My biggest stalk is at a height of 35cm (excluding the roots) and width 25cm.. Still growing... But this is my Echinodorus sp Satan species..

For Echinodorus sp Iguazu '2009', the one I am having now about 15cm height, width about 20cm.. Still growing as well.. Haha.. But Echinodorus sp Opacus 'Verde' or 'Rataj' is small...

I think depends greatly on the conditions they kept in.. I am keeping in non-CO2 environment, no fertilizer regime..

----------


## David

Thanks for the indication.....looks like the Echino that I know now is considered 'Old-School'.....LOL!!! any idea where to get the ones you are talking about?

----------


## armageddon

need some help, can help to identify this?



thanks.

----------


## barmby

echinodorus ozelot

----------


## armageddon

> echinodorus ozelot


common in singapore?
is it easy to grow?

----------


## barmby

Common. Can be found in C328. There are a few variants with Red flame being one of them. I might be wrong. Having said that...most echinodorus species are relatively easy to grow if they are given a nutritious bottom, likewise for ozelot, yeah easy.. : )

----------


## Simon

to be exact, it is E. ozelot 'green', there is the red var., difference is in the young leaf. E. 'red flame' is one of the many hybrids.


E. 'Vesuvius at Teo

----------


## Simon

Uncle Teo intro this as a new species, its emerse, so no idea what it looked like submerse

----------


## leehyeok

Hi,

Will like to check which lfs can get these plants?

----------


## alvinchan80

> Hi,
> 
> Will like to check which lfs can get these plants?
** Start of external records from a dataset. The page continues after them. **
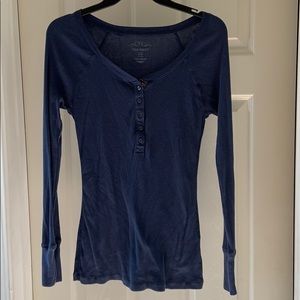 Ribbed Blue LS shirt. Size Small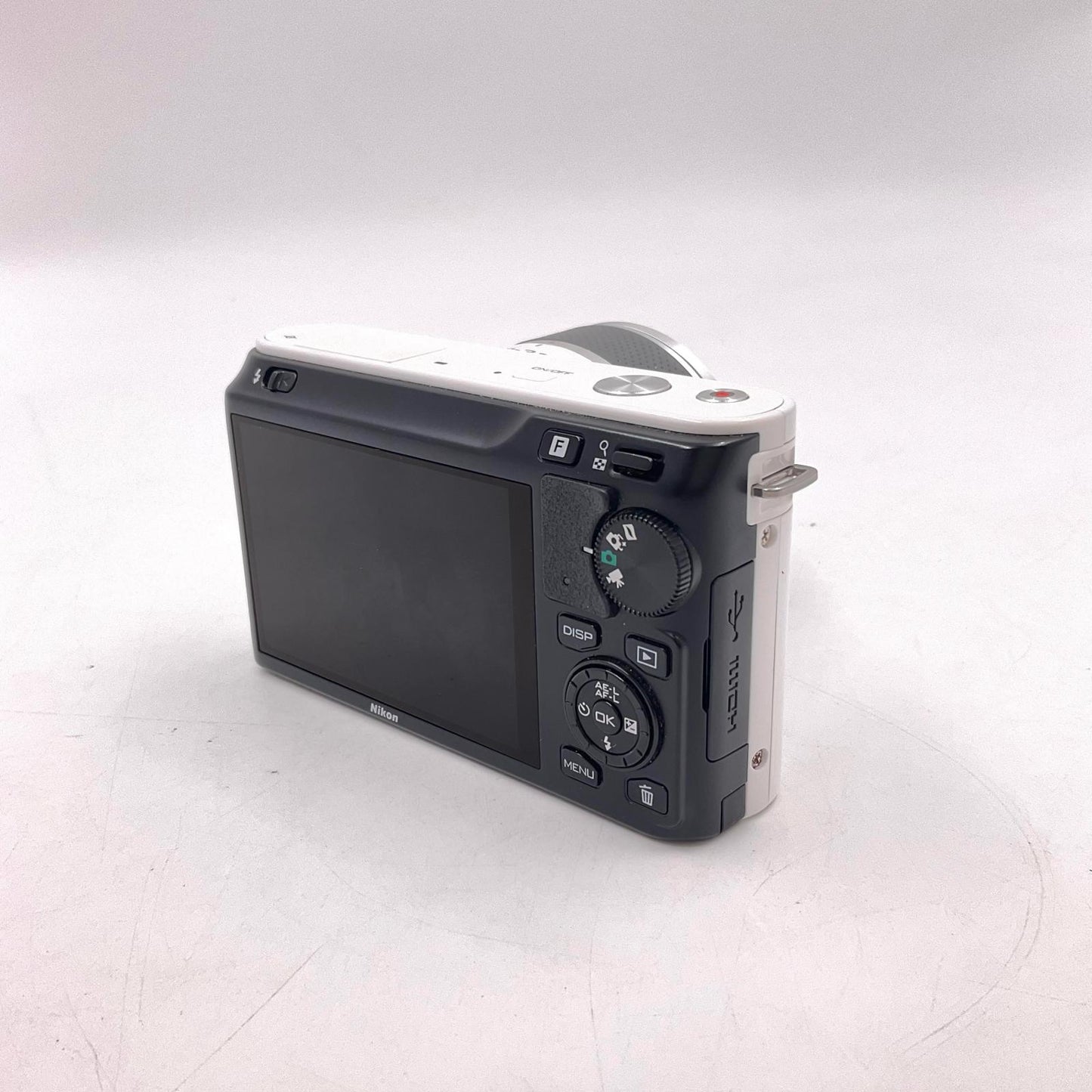 【全額返金保証】【最速発送】Nikon デジタル一眼 1 J1 標準ズームレンズキット ホワイト 動作確認済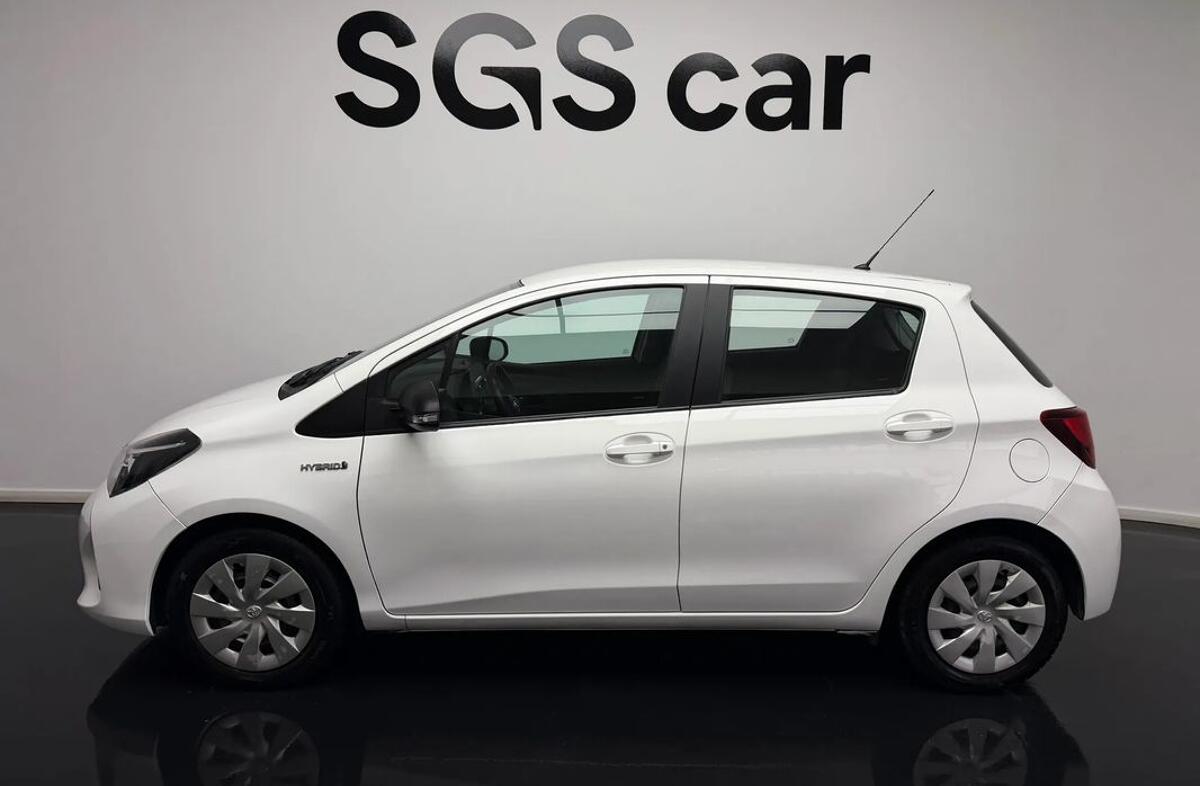 TOYOTA Yaris 1.5 HSD Comfort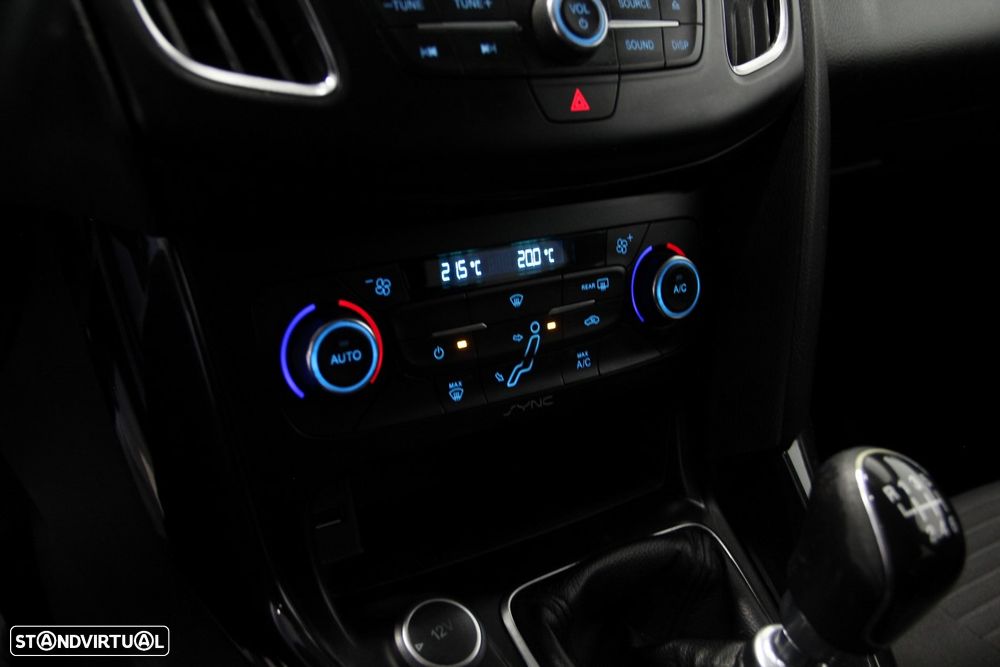 Ford Focus SW 1.5 TDCi Titanium - 21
They are not available locally.. You can pm me, I have some extra stalks...  :Smile:

----------


## armageddon

i have some hadi red paerl to sell if you want.  :Smile:

----------


## cheetf

> i have some hadi red paerl to sell if you want.


Maybe you should start another thread? Getting a bit OT here.

----------


## armageddon

> Maybe you should start another thread? Getting a bit OT here.


got it. sorry.

----------


## David

....I need to find E. Hormanii Green (narrow leaf)....seems like the whole freaking market does not have this one anymore

----------